Woody Allen attempts another perfect murder in the middling Irrational Man

“I couldn’t resist doing a crazy thing.” In Woody Allen’s new movie Irrational Man, a depressed college professor named Abe Lucas (Joaquin Phoenix) finds a new sense of purpose while planning and executing what he considers a perfect murder. It’s nothing Allen hasn’t done before or better, and, as is often the case with the prolific writer-director’s later work, he seems out his depth when it comes to the milieu, in this case New England academia. (To be fair, Allen’s New York was never all that real either, but at least it was animated by a personal vision of how people should live and talk, rather than vague ideas about how they do.) Despite tastes that skew highbrow, Allen has never been very credible at writing intellectual dialogue, except in parody; his characters all sound like they’re reading Dostoevsky for class. But though Irrational Man’s existentialist moral crisis is mostly hokum, the movie still has a whiff of charm, thanks to a handful of good one-liners, a little misdirection, and Phoenix’s off-kilter performance, which completely ignores the rhythm of Allen’s speech in favor of naturalistic mojo.

Abe—one of those smart guys who is incessantly described as brilliant by supporting characters, mostly women—arrives at fictional Braylin College alcoholic and effectively impotent, and then proceeds to become an object of fascination for students and assorted lonely faculty members. (“He’s done every drug,” says one. “He hates them.”) The funny thing is that, despite the tell-don’t-show-isms that tend to undermine Allen’s late-period writing, Abe is actually quite endearing as a presence. If Owen Wilson’s turn in Midnight In Paris is the go-to example of an actor making Allen’s comic patter sound like his own, then Phoenix’s performance here—which involves a lot of loud nose-breathing—is an object lesson in how a star can disrupt his own movie, sometimes for the better. This, of course, is all relative to the relaxed standards of post-peak Woody Allen, where damn near everything feels like a first-draft script acted by a cast that has been given zero direction.

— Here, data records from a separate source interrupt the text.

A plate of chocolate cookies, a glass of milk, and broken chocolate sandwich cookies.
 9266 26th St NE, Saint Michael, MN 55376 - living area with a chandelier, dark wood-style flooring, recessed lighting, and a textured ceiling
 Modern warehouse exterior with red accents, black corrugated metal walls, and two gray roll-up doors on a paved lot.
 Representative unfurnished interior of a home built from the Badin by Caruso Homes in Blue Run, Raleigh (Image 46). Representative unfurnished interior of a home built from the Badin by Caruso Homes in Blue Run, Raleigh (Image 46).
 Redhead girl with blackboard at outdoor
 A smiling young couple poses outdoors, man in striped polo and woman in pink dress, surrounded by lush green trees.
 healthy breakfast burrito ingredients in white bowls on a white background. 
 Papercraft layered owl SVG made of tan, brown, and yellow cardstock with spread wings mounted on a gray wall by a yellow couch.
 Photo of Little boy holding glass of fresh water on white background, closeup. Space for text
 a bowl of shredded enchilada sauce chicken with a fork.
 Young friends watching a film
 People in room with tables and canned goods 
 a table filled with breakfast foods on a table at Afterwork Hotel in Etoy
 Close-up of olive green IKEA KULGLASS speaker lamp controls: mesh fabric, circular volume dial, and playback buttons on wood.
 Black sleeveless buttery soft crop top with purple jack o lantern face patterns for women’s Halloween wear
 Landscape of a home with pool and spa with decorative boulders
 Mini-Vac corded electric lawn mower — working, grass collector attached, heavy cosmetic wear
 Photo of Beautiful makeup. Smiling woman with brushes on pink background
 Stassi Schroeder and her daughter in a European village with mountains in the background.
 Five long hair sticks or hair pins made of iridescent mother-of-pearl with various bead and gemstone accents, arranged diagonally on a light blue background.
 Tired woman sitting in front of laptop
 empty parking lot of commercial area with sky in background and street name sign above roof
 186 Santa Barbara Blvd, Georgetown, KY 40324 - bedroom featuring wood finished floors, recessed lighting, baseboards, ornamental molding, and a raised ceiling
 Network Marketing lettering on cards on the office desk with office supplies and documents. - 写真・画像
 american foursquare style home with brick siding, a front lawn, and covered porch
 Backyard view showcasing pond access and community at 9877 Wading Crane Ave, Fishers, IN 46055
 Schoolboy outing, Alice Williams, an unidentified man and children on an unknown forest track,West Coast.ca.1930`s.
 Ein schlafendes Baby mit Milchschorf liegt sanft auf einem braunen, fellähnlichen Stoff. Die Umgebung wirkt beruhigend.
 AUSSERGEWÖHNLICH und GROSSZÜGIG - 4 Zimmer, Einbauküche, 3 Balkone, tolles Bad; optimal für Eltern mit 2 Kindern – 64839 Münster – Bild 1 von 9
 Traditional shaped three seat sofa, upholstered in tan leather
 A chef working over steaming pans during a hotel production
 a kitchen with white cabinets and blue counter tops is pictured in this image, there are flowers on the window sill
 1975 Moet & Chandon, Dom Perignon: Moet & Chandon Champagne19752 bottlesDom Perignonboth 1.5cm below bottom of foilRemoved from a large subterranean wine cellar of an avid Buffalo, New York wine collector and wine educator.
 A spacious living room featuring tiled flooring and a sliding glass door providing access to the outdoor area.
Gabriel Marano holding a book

Said cast, smaller and less disorganized than usual, puts Abe between two women: married colleague Rita Richards (Parker Posey), who dreams of ditching her husband and running away to Spain, and undergrad Jill (Emma Stone, acting in a different movie), who becomes Abe’s de facto intellectual and personal confidante on campus and unwittingly inspires his murder plot. She is also the movie’s co-narrator, alternating voice-overs with Abe. Irrational Man—which takes its title from William Barrett’s once-popular introductory text on existentialist philosophy—is at its most interesting (or at least its most consistent) in its off-beat middle stretch, which finds our pot-bellied anti-hero newly energized by a secret scheme to murder a total stranger in broad daylight. It is, basically, a one-joke premise: If happiness is a question of personal purpose, then what could make a person happier than a plot to kill? Everybody tells Abe how much better he’s been looking lately, and all he thinks about are the exotic poisons he could steal from the chemistry department.

Part of the problem of writing or talking about later Woody Allen is that one can’t resist the urge to point out all the Allen-isms, and probably shouldn’t. So here, again, is a repeated piece of music (Ramsey Lewis Trio doing “The ‘In’ Crowd”) that seems to tighten around the movie, and that now-familiar philosophy of life that probably wouldn’t seem so tired if one ever got the sense that it was being developed, instead of simply re-circulating for decades. “The same old” is Allen’s default mode, and here it trucks along to a modest insight and an arbitrary twist-of-fate ending. But at least there are a few bumps along the way—courtesy of Phoenix and a sly Chekhov’s-gun tease—and, as always, some pretty lighting by the great Darius Khondji.